Через какое-то время я в первый раз вышла, поднялась по лестнице, что вела от дверей гаража, и в лифте наверх. Это было утром, Ноно ушел тренироваться в спортивный зал. Стояла тишина, только лифт на каждом этаже вздрагивал. Я поднялась высоко, на пятнадцатый этаж. Там была какая-то контора, страховая, адвокатская или нотариальная, что ли. Я прошла прямо через контору к большому окну. Секретарши увидели меня — черную девчонку с копной волос, в потертых джинсах, с неподвижным взглядом — и очень испугались. Наверно, я тогда впервые поняла, что и сама могу нагнать страху, — не всё мне бояться.
Я прижалась лбом к стеклу и смотрела, смотрела. Ноги у меня словно приросли к полу, голова закружилась. Еще никогда я не видела город с такой высоты. Внизу были улицы, крыши, многоэтажные дома, большие бульвары тянулись, насколько хватал глаз, и площади, и сады, а еще дальше — холмы и даже извивы реки, блестевшей под солнцем. Это было совсем как на том высоком берегу, на кладбище над морем, где чайки парили в небе. Там и сям клубился дым, поблескивали машины, маленькие, как жуки-скарабеи. Голова плыла от шума, глухой непрерывный гул поднимался отовсюду, то и дело рассекаемый автомобильными гудками, полицейскими сиренами, воем «скорой помощи». Мои руки упирались в толстое стекло, и я не могла оторвать глаз от того, что видела. Небо было перечеркнуто большой черной тучей, и с одной стороны высовывались лучи солнца, а с другой лучи дождя! Клянусь вам, я в жизни не видела ничего прекраснее!

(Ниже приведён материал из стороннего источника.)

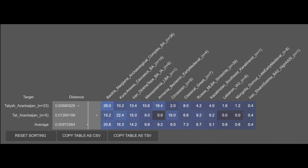The Talish and Tats from Azerbaijan are on average 20.6% BMAC Bronze Age, 16.3% Kura-Araxes Caucasian, 14.2% Dinkatepe Bronze Age, 9.8% Mesopotamian Late Bronze Age, 9.2% Armenian Early Medieval, 9.0% Circassian, 7.3% Classical Greek, 6.7% Sintashta, 5.1% Kazakhstan Medieval Turkic, 0.8% Lebanese Phoenician, 0.6% Mongolian, and 0.4% Shahr-e Sokhteh. The Tats and Talish appear very admixed compared to other Iranian populations, with most admixture coming from the Caucasus, suggesting this population is significantly admixed with Caucasian groups.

Я услышала, как за моей спиной жалобно зашелестел голос, какая-то женщина обращалась ко мне ласково, но до меня не сразу дошло: «Мадемуазель! Мадемуазель! Вам нехорошо?» Я обернулась, посмотрела на нее с улыбкой. В глазах у меня стояли слезы, оттого что я вдруг почувствовала себя счастливой. «Нет, все хорошо, все хорошо, я… я просто хотела полюбоваться видом». Боюсь, что моя улыбка ее не успокоила, она попятилась. Она была молодая, бледная, с длинными светлыми волосами и зелеными глазами. С ней были еще женщины, одна толстая, другая — похожая на мадам Фромежа. Наверно, они вызвали охрану: когда я вышла из конторы, металлические двери лифта разъехались и мужчина в синей форме с болтавшимися на поясе наручниками вышел мне навстречу. Он уставился на меня, а я вошла в лифт, и двери закрылись. Я чувствовала себя очень усталой и немного захмелевшей. Вернувшись в гараж, в подземелье, я легла на матрас и проспала почти весь день. Даже когда Ноно пришел из спортзала, я не проснулась. Он смотрел на меня, спящую, сидел, прислонясь к стене, тихо-тихо, охранял мой сон, как старший брат.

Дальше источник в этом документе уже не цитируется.